Era muy pequeño cuando ya me llevaban a ver la lucha libre en la Arena México, o en la Arena Coliseo, o en la Arena Puebla. Mi papá dice que me subía a la butaca, levantaba el puño y les gritaba a los rudos: ¡Cobarde, cobarde! ¡Déjalo en paz!. Para mí aquello era real, el bien y el mal personificados en «técnicos y rudos» era una batalla épica, donde el sudor, la sangre y los gritos, nos revelaban la recreación del mundo.
La lucha libre fue para todas y todos nosotros nuestra conexión mundana con la heroicidad, con los súper poderes, y la magia, no nos era necesario imaginar a un señor volando y alérgico a la kryptonita, o a otro corriendo a la velocidad del rayo, teníamos a nuestro Santo, o al increíble Octagón, o el elegante Atlantis. Pero incluso los malos malísimos como el Perro Aguayo, acababan ganándose nuestro cariño.
Las luchas del Perro Aguayo eran legendarias, eran violentas, siempre acababan él y su contrincante con la cara ensangrentada. Era un poco gore. En ocasiones ganaban los rudos, en otras los técnicos, casi siempre los rudos ganaban haciendo trampas, mintiendo, engañando (no sé por qué me acaba de venir a la mente el oficio de político) y eso dejaba una sensación de frustración y de rabia que nuestros pequeños corazoncitos debían gestionar. Pero en el fondo sabíamos que en la próxima lucha, ganarían los buenos.

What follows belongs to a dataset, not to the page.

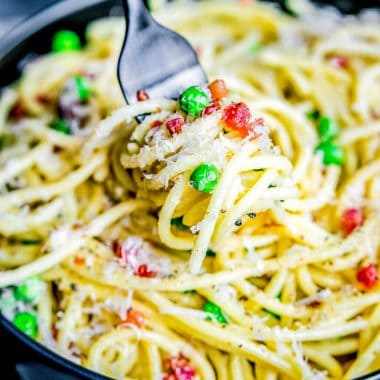 Pasta Carbonara is a creamy, cheesy pasta tossed with crisp prosciutto and bright English peas. It's a classic Italian recipe made with simple, quality ingredients!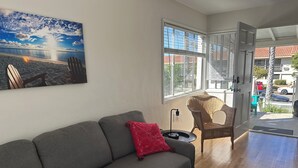 A living room with a gray sofa, a wicker chair, a black rug, and a painting of a beach scene. - Newly refreshed  Beach Apartment..Steps to the sand! (San Diego)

El Perro Aguayo ha muerto, unos cuantos años antes también murió su hijo el Perro Aguayo Jr.
El Perro Aguayo fue el último rival de El Santo. Ahora ambos son leyendas, lo que para nosotros es una leyenda de la Lucha Libre, la más antigua del mundo, la mexicana.
«Lucharan de dos a tres caídas sin limite de tiempo, en la esquina de los rudos: el malo malísimo, El Peeeerro Aguayo…»
Augusto Metztli.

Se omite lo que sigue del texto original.